Art. 5. No marriage is valid to which the parties have not freely consented; consent is not free,
1stly, When given to a ravisher, unless it has been given by the party ravished, after she has been restored to the enjoyment of liberty;
2ndly, When it is extorted by violence;
3rdly, When there is a mistake respecting the person whom one of the parties intended to marry.

Art. 6. It is prohibited to the ministers of the gospel and to the magistrates entrusted with the power of celebrating marriages, to marry any male under the age of fourteen years and any female under the age of twelve, and if any of them are convicted of having married such persons, he or they shall be removed from his office, if a magistrate, or deprived for ever of the right of celebrating marriages, if a minister of the gospel.

Art. 7. Persons legally married are until a dissolution of marriage, incapable of contracting another, under the penalties prescribed by the statute of this territory.

Art. 8. Free persons and slaves are incapable of contracting marriage together; the celebration of such marriages is forbidden, and the marriage is void; it is the same with respect to the marriages contracted by free white persons with free people of color.

Art. 9. Marriage between persons related to each other in the direct ascending or descending line, is prohibited.  This prohibition is not confined to legitimate children, it extends also to children born out of marriage.

Art. 10. Among collateral relations, marriage is prohibited between brother and sister, whether of the whole or of the half blood, whether legitimate or illegitimate, and also between the uncle and the niece, the aunt and the nephew.

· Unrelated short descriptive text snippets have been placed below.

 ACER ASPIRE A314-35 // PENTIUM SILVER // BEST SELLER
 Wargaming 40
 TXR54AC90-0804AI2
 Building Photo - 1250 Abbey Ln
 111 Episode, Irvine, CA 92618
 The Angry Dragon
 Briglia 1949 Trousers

Art. 11. The minor of either sex, who has attained the competent age to marry, must have received the consent of his or her father and mother, if alive, or the survivor of them if one has died.

Art. 12. Besides the preceding general rulas, there are divers formalities to be fulfilled for the publication and celebration of marriages, which are established by a special act of the legislature.

 

CHAPTER III - OF THE NULLITY OF MARRIAGES

Art. 13. Marriages celebrated without the free consent of the married persons or of one of them, can only be annulled upon the application of the married persons, or of the party whose consent was not free.
When there has been a mistake in the person, the party laboring under the mistake, can alone impeach the marriage.

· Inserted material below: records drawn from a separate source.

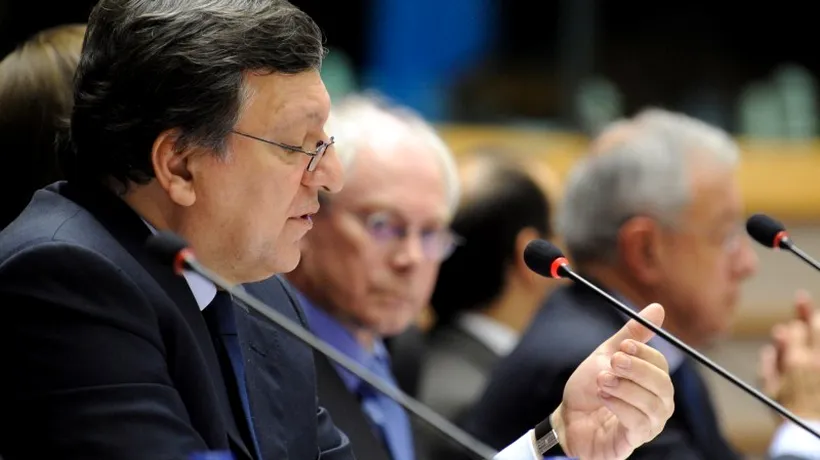 CE propune introducerea de sancțiuni penale pentru manipularea ratelor interbancare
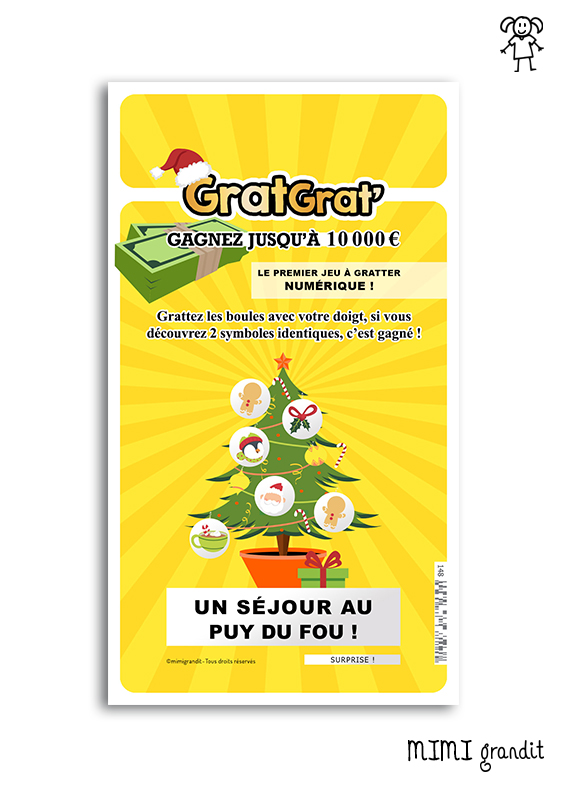 parc-attraction-noel-numerique3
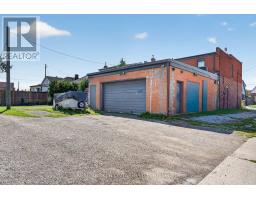 1523 Main Street E, Hamilton, ON L8K1E4 Photo 30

Art. 14. In the cases embraced by the preceding section, the application to obtain a sentence annulling the marriage, is inadmissible, if the married persons have, freely and without constraint, co-habited together after recovering their liberty, or discovering the mistake.

Art. 15. The marriage of minors contracted without the consent of the father and mother cannot for that cause be annulled, if it is otherwise contracted with the formalities prescribed by law; but such want of consent shall be a good cause for the father and mother to disinherit their children thus married, if they think proper.

Art. 16. Every marriage contracted under the other incapacities or nullities enumerated in the preceding chapter, may be impeached, either by the married persons themselves, or by any persons interested, or by the attorney general.

Art. 17. But in all cases where, conformably to the preceeding article, the action of nullity may be instituted by any interested person, collateral relations or children born of another marriage, during the life of the said married persons, cannot bring such action, unless they have an actual interest therein.

Art. 18. The married person to whose prejudice a second marriage has been contracted, can sue for the nullity of such marriage, even during the life of his or her partner.